Tourism in Israel? U.S. charity's offer with Gaza hospital project irks Palestinians

By Nidal al-Mughrabi and Rami Ayyub

GAZA/JERUSALEM (Reuters) - A U.S. charity building a tent hospital in the Gaza Strip is causing Palestinian unease by offering foreign medical volunteers the opportunity of weekend tourism in Israel, just across the volatile border.

The facility, to be operated by the U.S. evangelical Christian group FriendShips, had won rare joint support from Gaza's Islamist rulers Hamas and their enemy, Israel, which maintains a blockade along its frontier with the enclave.

Now, however, eyebrows are being raised in Gaza over a Holy Land pilgrimage pitch on the Louisiana-based organization's website that is promoting an endeavor to improve health services strained by years of conflict.

The 50-bed encampment in northern Gaza across from Israel's Erez border crossing "will offer a wonderful opportunity to work in an important and productive project and, at the same time, to see and enjoy the Biblical sites of Israel", the website said.

Volunteers at the facility would be expected to work and live onsite Monday through Thursday but they "will be free to go to Israel and tour" on their days off, it said.

Asked about the NGO's tourism perk to volunteers, Hamas official Basim Naeem said: "We are certainly against using our people's suffering to market Israel or attracting employees at our people's expense."

There was no suggestion from Hamas that it was about to scrap the project as a result of the sightseeing offer.

A de facto truce brokered between Israel and Hamas by Qatar, Egypt and the United Nations after deadly cross-border fighting in May included the mediators' support for the field hospital.

Gaza's 13 hospitals often lack equipment for specialized treatments, while its two million residents need hard-to-obtain permits from Israeli authorities to get medical care in Israel and the Israeli-occupied West Bank.

The FriendShips encampment will have "telemedicine for worldwide consultation with specialists" and eventually offer cancer treatment and PTSD therapy, among other services, the NGO's website says.

"It will either be an uplifting humanitarian tool for our people, or it will be asked to leave immediately," senior Hamas official Khalil Al-Hayya said.

FriendShips, which previously operated a tent hospital along Israel's border with Syria, did not respond to multiple requests for comment and it was not clear when the facility would open.

Israel declined to comment on the project.
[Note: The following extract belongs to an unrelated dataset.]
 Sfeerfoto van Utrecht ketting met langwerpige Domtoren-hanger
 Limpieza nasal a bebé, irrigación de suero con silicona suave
It keeps Gaza under a blockade, citing security concerns posed by Hamas, with which it has fought three wars and waged dozens of other deadly skirmishes over the past decade.

But the hospital's construction with private U.S. funding drew criticism from Hamas's rivals in the Palestinian Authority (PA), which exercises limited self-rule in the West Bank.

"It will be an American-Israeli military base put forward on the land of Gaza Strip," said Mai Alkaila, the PA's health minister.